What this task involves — Repeat these records exactly, pictures excluded.

══ Available data

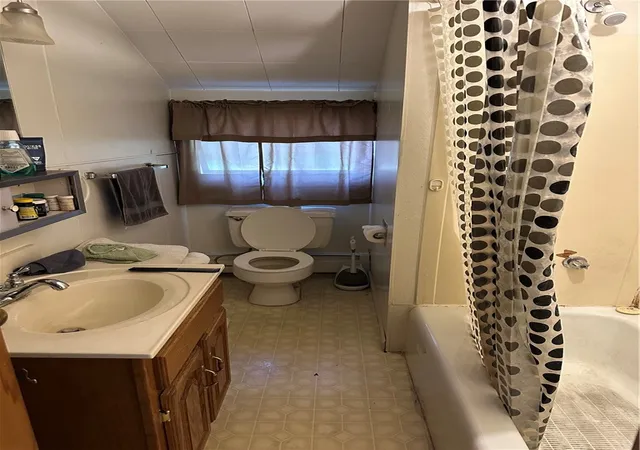 Listing Photo 2 - Condo for sale in building located at 116 Derrick Rd, Bradford, PA 16701 - Unit #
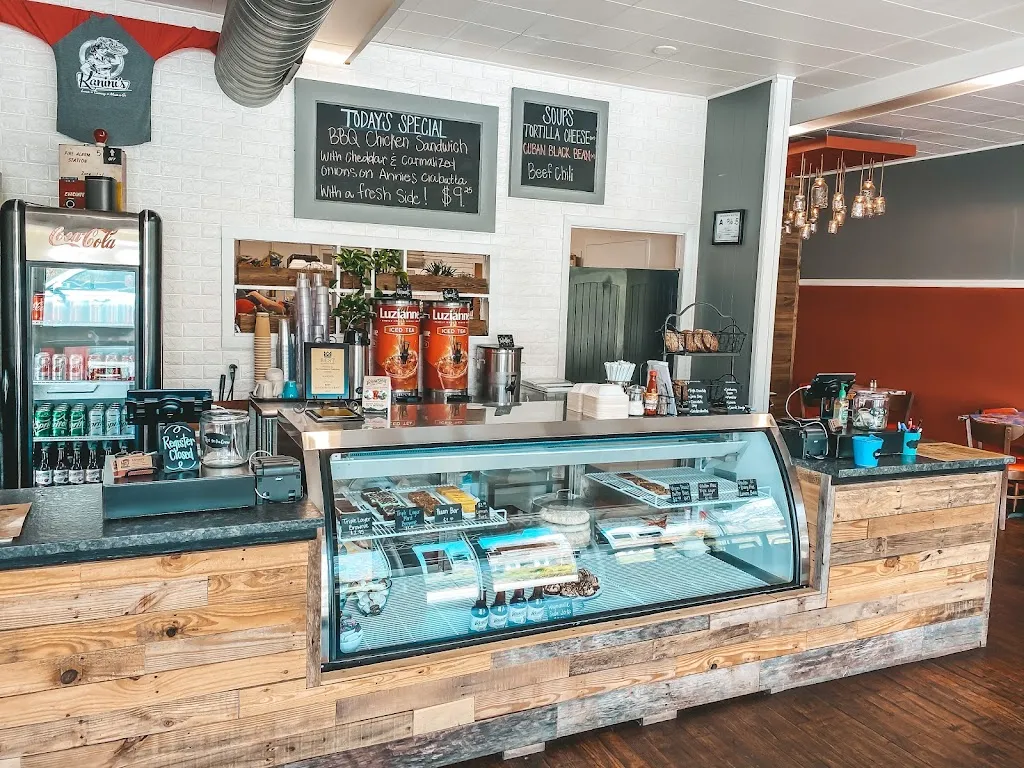Kanini's Restaurant & Catering ristorante a Waynesville, NC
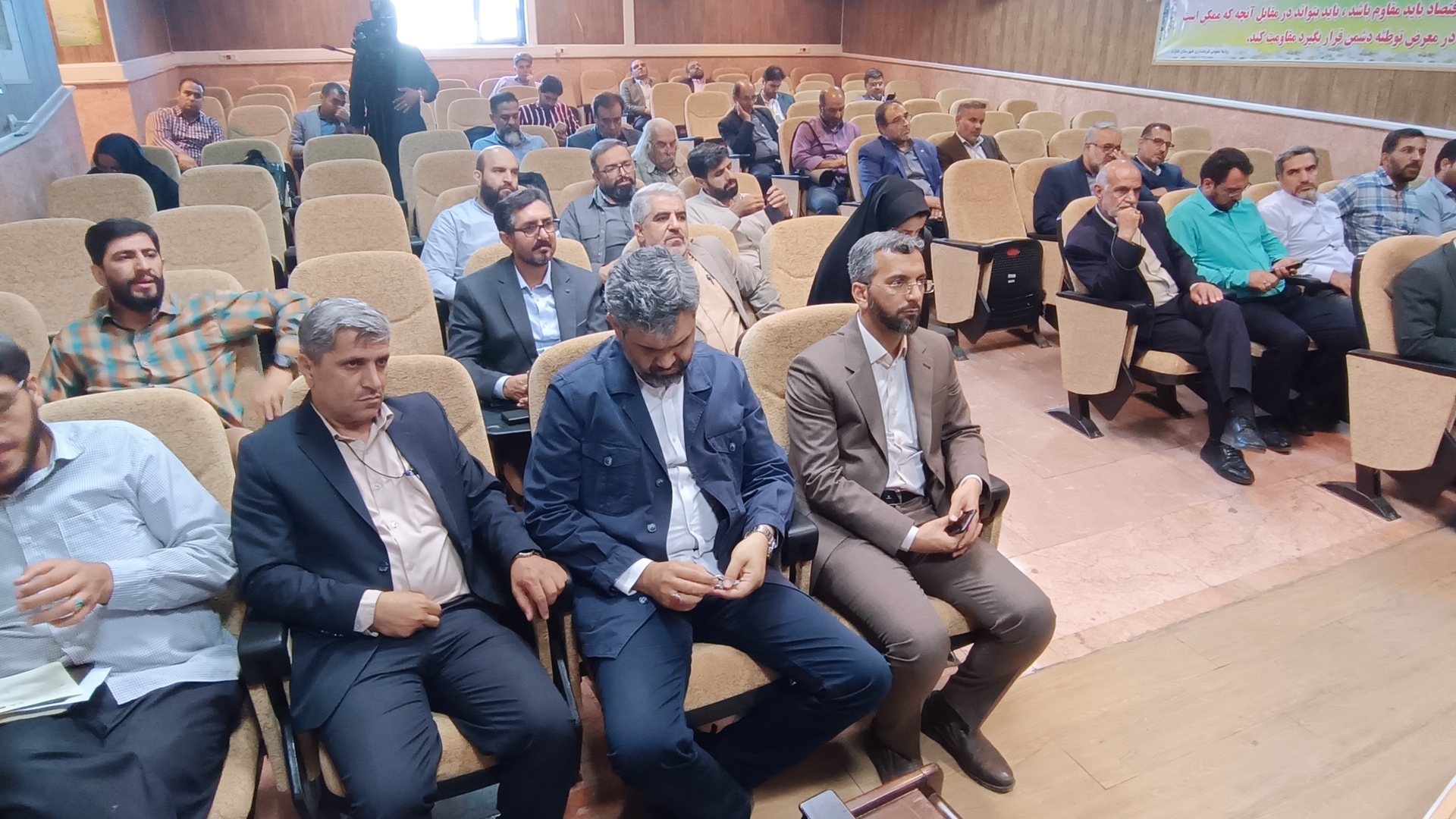 جلسه بررسی مسائل و مشکلات شهرستان شازند با حضور رئیس بنیاد مستضعفان انقلاب اسلامی و استاندار مرکزی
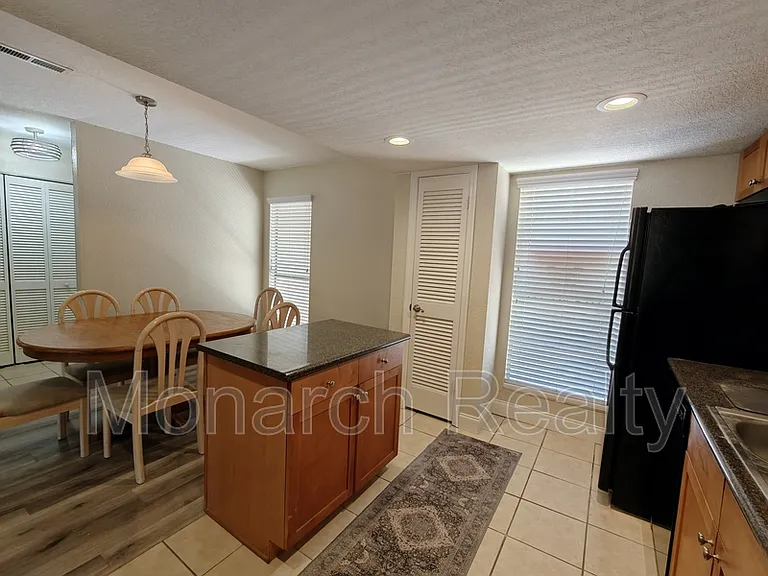 1810 NW 23rd Blvd #165 — Photo 20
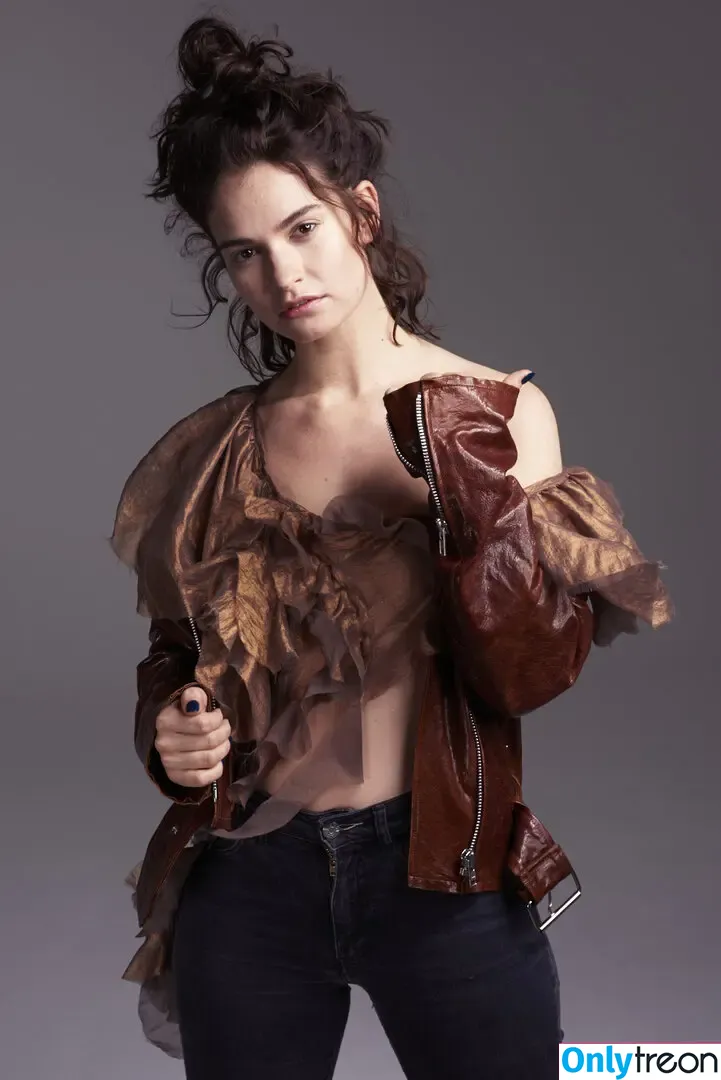 Lily James nude photo #0881 (lillyjames / lilyjamesofficial)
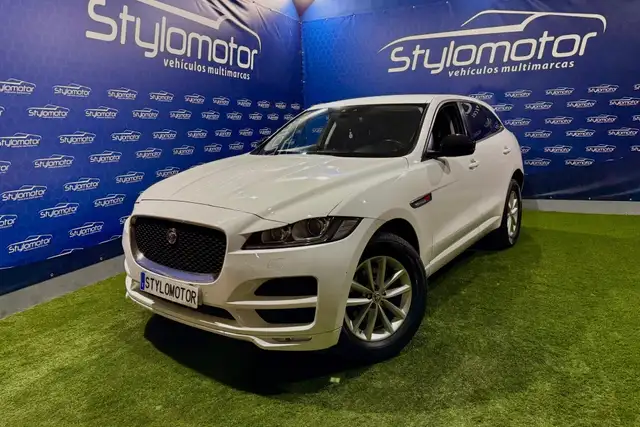 Jaguar F-Pace 2.0i4D Pure Aut. AWD 180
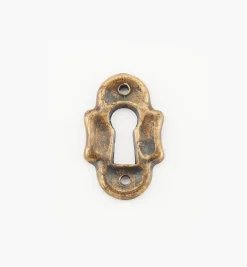 Single Bead IV Vertical Escutcheon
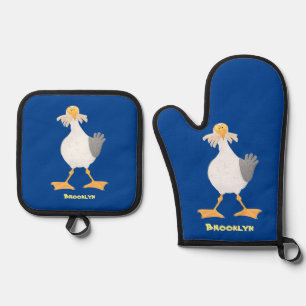 Funny seagull with French fries cartoon Oven Mitt & Pot Holder Set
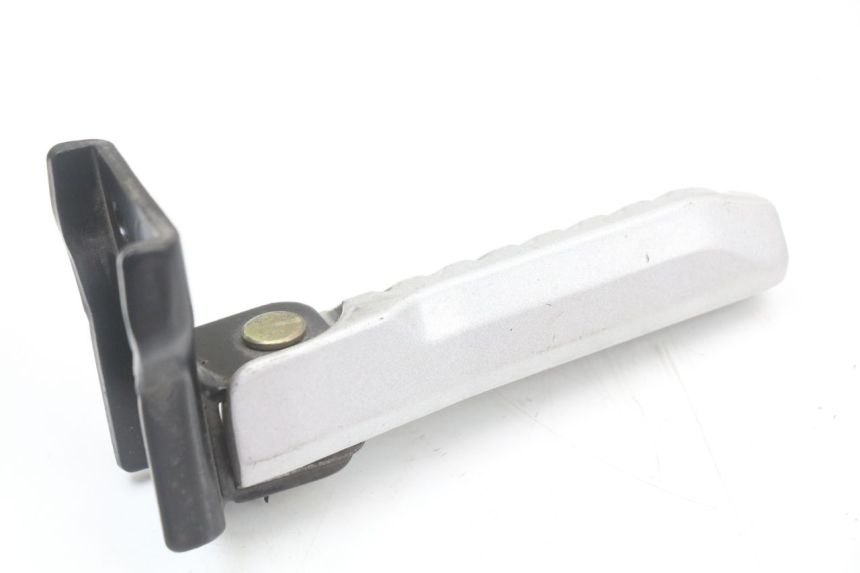 photo de FUSSRASTEN HINTEN LINKS LONGJIA EASY MAX 125 (2020 - 2024) - Alternative Perspektive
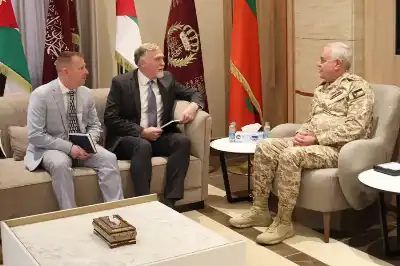 اللواء الحنيطي يستقبل وفدا من معهد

════

Task answer —
 Listing Photo 2 - Condo for sale in building located at 116 Derrick Rd, Bradford, PA 16701 - Unit #
Kanini's Restaurant & Catering ristorante a Waynesville, NC
 جلسه بررسی مسائل و مشکلات شهرستان شازند با حضور رئیس بنیاد مستضعفان انقلاب اسلامی و استاندار مرکزی
 1810 NW 23rd Blvd #165 — Photo 20
 Lily James nude photo #0881 (lillyjames / lilyjamesofficial)
 Jaguar F-Pace 2.0i4D Pure Aut. AWD 180
 Single Bead IV Vertical Escutcheon
 Funny seagull with French fries cartoon Oven Mitt & Pot Holder Set
 photo de FUSSRASTEN HINTEN LINKS LONGJIA EASY MAX 125 (2020 - 2024) - Alternative Perspektive
 اللواء الحنيطي يستقبل وفدا من معهد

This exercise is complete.